» Available records
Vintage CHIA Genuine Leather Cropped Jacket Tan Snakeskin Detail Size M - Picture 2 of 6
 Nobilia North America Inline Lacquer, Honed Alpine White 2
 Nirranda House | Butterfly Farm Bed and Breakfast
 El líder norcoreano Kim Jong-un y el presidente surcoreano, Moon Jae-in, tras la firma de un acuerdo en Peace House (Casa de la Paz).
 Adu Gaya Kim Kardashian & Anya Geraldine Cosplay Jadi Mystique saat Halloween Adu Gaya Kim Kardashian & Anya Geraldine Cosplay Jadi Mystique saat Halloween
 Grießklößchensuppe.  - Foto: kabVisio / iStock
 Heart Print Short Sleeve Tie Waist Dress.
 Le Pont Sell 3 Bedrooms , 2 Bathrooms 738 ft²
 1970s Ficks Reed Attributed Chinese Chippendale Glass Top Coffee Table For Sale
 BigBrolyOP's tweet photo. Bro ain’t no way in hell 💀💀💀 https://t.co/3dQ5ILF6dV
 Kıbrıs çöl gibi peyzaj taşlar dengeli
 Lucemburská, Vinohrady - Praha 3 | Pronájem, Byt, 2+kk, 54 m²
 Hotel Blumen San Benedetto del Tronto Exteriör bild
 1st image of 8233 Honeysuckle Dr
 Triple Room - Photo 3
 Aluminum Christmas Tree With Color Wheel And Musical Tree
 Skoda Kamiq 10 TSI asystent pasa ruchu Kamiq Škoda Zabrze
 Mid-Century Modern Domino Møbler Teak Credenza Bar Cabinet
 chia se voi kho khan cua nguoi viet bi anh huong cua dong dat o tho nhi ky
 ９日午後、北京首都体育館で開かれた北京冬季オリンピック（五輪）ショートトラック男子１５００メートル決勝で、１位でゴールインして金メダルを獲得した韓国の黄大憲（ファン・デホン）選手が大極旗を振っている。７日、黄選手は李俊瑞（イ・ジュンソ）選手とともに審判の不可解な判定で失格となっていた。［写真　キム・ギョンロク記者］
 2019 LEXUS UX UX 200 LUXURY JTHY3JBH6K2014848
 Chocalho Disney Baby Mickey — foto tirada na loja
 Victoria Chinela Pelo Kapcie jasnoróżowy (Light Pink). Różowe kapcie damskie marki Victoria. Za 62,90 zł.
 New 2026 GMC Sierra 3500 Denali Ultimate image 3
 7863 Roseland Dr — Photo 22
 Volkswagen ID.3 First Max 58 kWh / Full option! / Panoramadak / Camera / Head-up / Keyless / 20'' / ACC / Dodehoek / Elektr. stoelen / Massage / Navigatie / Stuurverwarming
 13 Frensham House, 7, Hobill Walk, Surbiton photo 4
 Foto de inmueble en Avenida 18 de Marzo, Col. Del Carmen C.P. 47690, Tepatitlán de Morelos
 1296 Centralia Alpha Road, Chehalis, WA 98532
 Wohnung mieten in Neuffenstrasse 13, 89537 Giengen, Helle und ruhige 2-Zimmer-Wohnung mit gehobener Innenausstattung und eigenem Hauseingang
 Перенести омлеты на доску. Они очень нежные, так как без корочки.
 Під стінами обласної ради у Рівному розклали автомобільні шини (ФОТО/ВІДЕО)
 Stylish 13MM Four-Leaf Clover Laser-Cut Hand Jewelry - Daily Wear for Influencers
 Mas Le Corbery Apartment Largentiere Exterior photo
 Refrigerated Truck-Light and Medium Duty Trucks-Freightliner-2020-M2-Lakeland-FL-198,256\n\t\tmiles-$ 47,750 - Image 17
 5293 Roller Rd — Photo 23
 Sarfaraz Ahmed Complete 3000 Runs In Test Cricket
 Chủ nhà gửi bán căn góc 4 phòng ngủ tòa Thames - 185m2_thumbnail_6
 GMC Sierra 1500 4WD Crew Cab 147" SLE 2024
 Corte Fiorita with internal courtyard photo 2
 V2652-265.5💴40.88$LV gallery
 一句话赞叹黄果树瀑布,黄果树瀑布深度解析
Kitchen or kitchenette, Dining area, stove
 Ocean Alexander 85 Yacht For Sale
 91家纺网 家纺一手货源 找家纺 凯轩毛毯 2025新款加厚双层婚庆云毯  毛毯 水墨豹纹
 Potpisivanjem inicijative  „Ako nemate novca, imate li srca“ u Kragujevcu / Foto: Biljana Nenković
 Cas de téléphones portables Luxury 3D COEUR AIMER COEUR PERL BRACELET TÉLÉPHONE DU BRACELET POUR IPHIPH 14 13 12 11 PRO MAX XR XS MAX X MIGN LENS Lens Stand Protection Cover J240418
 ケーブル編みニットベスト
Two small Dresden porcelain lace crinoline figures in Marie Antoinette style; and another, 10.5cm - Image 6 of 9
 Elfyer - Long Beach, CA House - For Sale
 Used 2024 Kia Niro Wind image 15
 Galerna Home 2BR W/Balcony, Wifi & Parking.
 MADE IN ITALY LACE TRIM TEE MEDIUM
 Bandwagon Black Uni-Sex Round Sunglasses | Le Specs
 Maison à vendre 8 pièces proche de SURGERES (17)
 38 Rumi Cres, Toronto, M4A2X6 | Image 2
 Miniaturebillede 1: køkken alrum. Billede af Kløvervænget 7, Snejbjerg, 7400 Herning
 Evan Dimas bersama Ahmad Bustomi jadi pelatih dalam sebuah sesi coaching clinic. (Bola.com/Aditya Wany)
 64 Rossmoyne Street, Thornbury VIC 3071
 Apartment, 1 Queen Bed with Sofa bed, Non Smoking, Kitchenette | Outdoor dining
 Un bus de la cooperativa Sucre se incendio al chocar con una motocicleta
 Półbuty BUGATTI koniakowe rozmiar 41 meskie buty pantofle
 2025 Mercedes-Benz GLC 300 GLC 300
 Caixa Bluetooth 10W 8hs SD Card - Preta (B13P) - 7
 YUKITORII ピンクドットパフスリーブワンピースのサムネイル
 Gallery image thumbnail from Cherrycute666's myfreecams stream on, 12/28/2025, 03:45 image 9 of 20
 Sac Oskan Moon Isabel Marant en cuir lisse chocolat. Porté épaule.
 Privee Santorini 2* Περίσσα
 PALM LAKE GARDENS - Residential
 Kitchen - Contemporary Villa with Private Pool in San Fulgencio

» Exercise directions
From the data above, return every line from the line that has "Refrigerated Truck-Light and" up to and including the line that has "Sac Oskan Moon", exactly.

» Exercise response
 Refrigerated Truck-Light and Medium Duty Trucks-Freightliner-2020-M2-Lakeland-FL-198,256\n\t\tmiles-$ 47,750 - Image 17
 5293 Roller Rd — Photo 23
 Sarfaraz Ahmed Complete 3000 Runs In Test Cricket
 Chủ nhà gửi bán căn góc 4 phòng ngủ tòa Thames - 185m2_thumbnail_6
 GMC Sierra 1500 4WD Crew Cab 147" SLE 2024
 Corte Fiorita with internal courtyard photo 2
 V2652-265.5💴40.88$LV gallery
 一句话赞叹黄果树瀑布,黄果树瀑布深度解析
Kitchen or kitchenette, Dining area, stove
 Ocean Alexander 85 Yacht For Sale
 91家纺网 家纺一手货源 找家纺 凯轩毛毯 2025新款加厚双层婚庆云毯  毛毯 水墨豹纹
 Potpisivanjem inicijative  „Ako nemate novca, imate li srca“ u Kragujevcu / Foto: Biljana Nenković
 Cas de téléphones portables Luxury 3D COEUR AIMER COEUR PERL BRACELET TÉLÉPHONE DU BRACELET POUR IPHIPH 14 13 12 11 PRO MAX XR XS MAX X MIGN LENS Lens Stand Protection Cover J240418
 ケーブル編みニットベスト
Two small Dresden porcelain lace crinoline figures in Marie Antoinette style; and another, 10.5cm - Image 6 of 9
 Elfyer - Long Beach, CA House - For Sale
 Used 2024 Kia Niro Wind image 15
 Galerna Home 2BR W/Balcony, Wifi & Parking.
 MADE IN ITALY LACE TRIM TEE MEDIUM
 Bandwagon Black Uni-Sex Round Sunglasses | Le Specs
 Maison à vendre 8 pièces proche de SURGERES (17)
 38 Rumi Cres, Toronto, M4A2X6 | Image 2
 Miniaturebillede 1: køkken alrum. Billede af Kløvervænget 7, Snejbjerg, 7400 Herning
 Evan Dimas bersama Ahmad Bustomi jadi pelatih dalam sebuah sesi coaching clinic. (Bola.com/Aditya Wany)
 64 Rossmoyne Street, Thornbury VIC 3071
 Apartment, 1 Queen Bed with Sofa bed, Non Smoking, Kitchenette | Outdoor dining
 Un bus de la cooperativa Sucre se incendio al chocar con una motocicleta
 Półbuty BUGATTI koniakowe rozmiar 41 meskie buty pantofle
 2025 Mercedes-Benz GLC 300 GLC 300
 Caixa Bluetooth 10W 8hs SD Card - Preta (B13P) - 7
 YUKITORII ピンクドットパフスリーブワンピースのサムネイル
 Gallery image thumbnail from Cherrycute666's myfreecams stream on, 12/28/2025, 03:45 image 9 of 20
 Sac Oskan Moon Isabel Marant en cuir lisse chocolat. Porté épaule.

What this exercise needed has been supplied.